Yes, in C:\WINDOWS\system32 folder, I have ipconfig.exe 

ipconfig command also gives the same error message.

Thx


----------



## abdcee (Jun 25, 2009)

Hello

Any other suggestions plz !?

Thx


----------



## ghanashyaml (Oct 22, 2009)

abdcee said:


> Hello
> 
> Any other suggestions plz !?
> 
> Thx


Its is simple thing...happened to me too after I unstalled some stuff. This happens when the PATH enviroment variable does NOT have "C:\Windows;C:\Windows\system32" in variable value. 
Here is how you fix it: right click on My Computer -> Properties -> Advaned System Settings. Go to Advanced tab and click Environment Variables.

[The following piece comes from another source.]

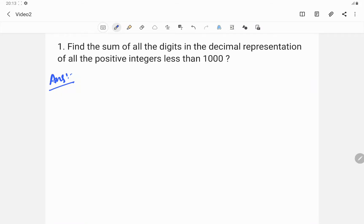Hi, this is the second video on the topic permutations and combinations. In this topic we are looking at digit-based questions. In the earlier video we introduced the topic and studied digit-based types of questions. In this video we are going to apply the concepts we studied earlier, so let us start.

In text list under system variables, double click variable named "Path". Add text "C:\Windows;C:\Windows\system32" in variable value at the end. (If you add in between, make sure you have ; at the end and before it.) Restart the command prompt.

Silly, nobody on this forum could answer this for so long


----------



## sbheuang (Aug 21, 2012)

Yes, i follow ghanashyaml and it works,
Thanks,
Sbheauang


----------



## Wand3r3r (Sep 17, 2010)

This ancient thread will now be closed.


----------